Peacocks were walking freely on the site, with their majestic gestures, as if the palace was theirs. After the on-site lecture, a few of us stepped on some stairs to go behind a building. When no authority but the birds were around, I confessed to my friends, “Actually I’m reading a book written by the daughter of one of Evans’ Greek colleagues here, she herself is an authority in the field. She has fewer issues with Evans. She likes him. She even named her cat Arthur.” I looked around and saw my professor engaging in a conversation far away, “I will go with her opinion because she is nicer to me than Kristotakis.”
So we like concrete.
So we laughed.
At that moment, I was missing her voice, which I can hear only on YouTube now. The more our librarian told me that my bookmark with her name was precious, the more I realized that even though she is alive and healthy and I can revisit Greece, I could never be good enough to enter her world. On the other hand, my professor was there. If I just walked down the stairs with a question, I could approach him easily. Not until the end of the Creten trip, until all the voices but the flow of vehicles in Athens had ceased, until that normal evening when I said “See you tomorrow,” until the next Monday I found myself being as behind as usual in Ancient Greek class, I realized that I was unfair.

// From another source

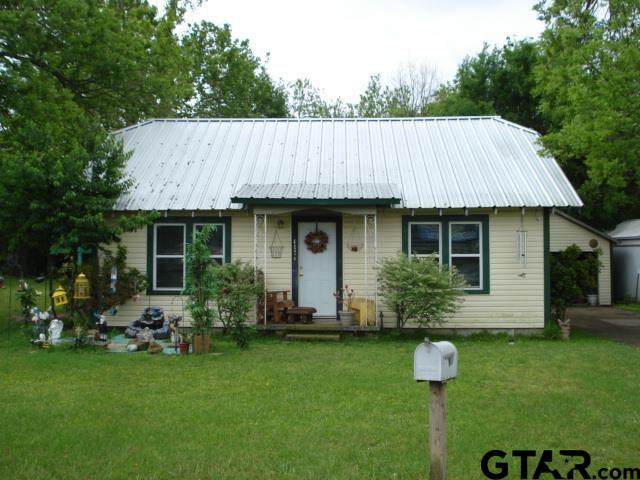 407 Carnegie - Photo 1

(Taken by Sam Sidders. At Heraclion. Professor Demetrios Kritsotakis on the left, me on the right. This article is written near the end of my CYA semester. If it’s allowed, I wish to store this one memory on the internet as Prof Kritsotakis is a professor whom I quite admire.)
When is my next time in Crete?
When is my next time in Athens?
Will I ever be good enough to see you again, to hear your voice again, in your world?
Or am I, eventually, a self-indulgent tourist who only keeps the glooming sun and sea in memory of my youth?